Courses & Descriptions

Listed below are titles of M.B.A.-level courses (for descriptions the Simon Information Guide), and descriptions of Ph.D.-level courses in Applied Statistics.

  • APS 411  Applied Statistics and Data Analysis
  • APS 420  Applied Time Series Analysis
  • APS 511  Introduction to Mathematical Statistics. The course provides an overview of mathematical statistics. The topics covered are: fundamentals of probability theory, random variables, distribution functions and moments, important univariate distributions, joint distributions, distributions of functions of random variables, sampling distributions, parametric point estimation, and hypotheses testing.
  • APS 514  Introduction to Econometrics (same as ECO 484, 2 credit hours, pre-requisites: AEC 505 and APS 511 or equivalent). The course is for students intending to do research in quantitative areas. Topics include estimation and hypothesis testing in the standard linear model, weighted least squares, transformations, constraints, analysis of variance and covariance, and problems of model specification.

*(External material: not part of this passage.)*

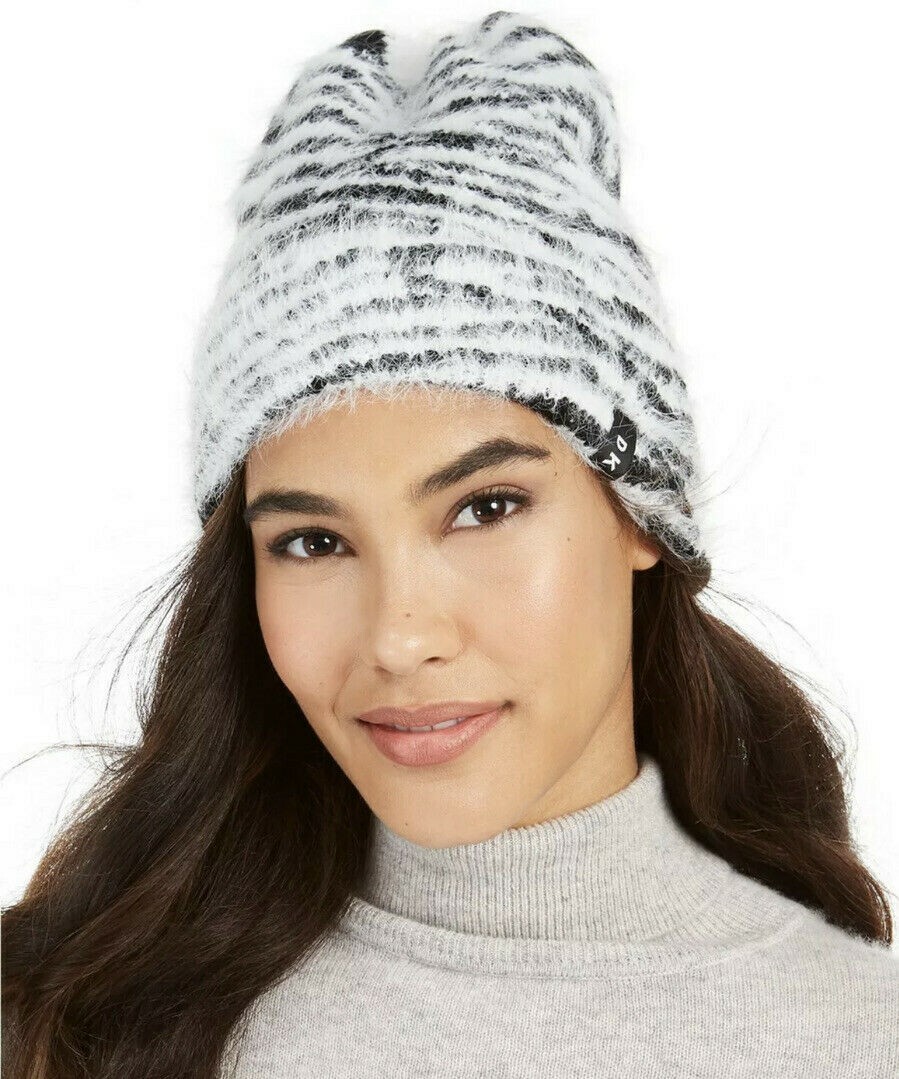 white fuzzy beanie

  • APS 515  Elements of Econometrics (same as ECO 485, 4 credit hours, pre-requisite: APS 514). The study of the specification of econometric models in which economic theory, stochastic disturbances, and the link between conceptual variables and observable economic data are combined. Topics include estimation of single-equation linear and non-linear econometric models by least squares and other methods, and estimation of time-series models and simultaneous-equation models. Particular attention is given to specification problems, such as heteroskedasticity, multicolinearity, qualitative dependent variables, and specification error.
  • APS 523  Advanced Econometrics (same as ECO 517, 5 credit hours, pre-requisite: APS 515). The course covers asymtotic theory for econometrics; maximum likelihood and related estimators; estimation under misspecification; nonparametric estimation; Monte Carlo methods; small sample approximations.
  • APS 524  Topics in Macroeconometrics (same as ECO 518, 5 credit hours, pre-requisite: APS 523 or permission of instructor). Course content varies from year to year. Stationary and nonstationary processes, expectations, unobserved component models, Kalman filtering and volatility are possible topics discussed.
  • APS 528  Sampling Theory (same as BST 421, 4 credit hours, prerequisite: APS 411 and differential calculus, offered in alternate years). For students with primary interest in applied statistics or research in quantitative areas. Topics include design and analysis of random, stratified, and systematic sampling; multistage and multiphase sampling; nonresponse and measurement errors.
  • APS 529  Applied Multivariate Analysis (same as BST 441, 2 credit hours, pre-requisite: APS 514). Methodology and applications of multivariate regression and analysis of variance; classification and discrimination; principal components, clustering, and multidimensional scaling; use of statistical software.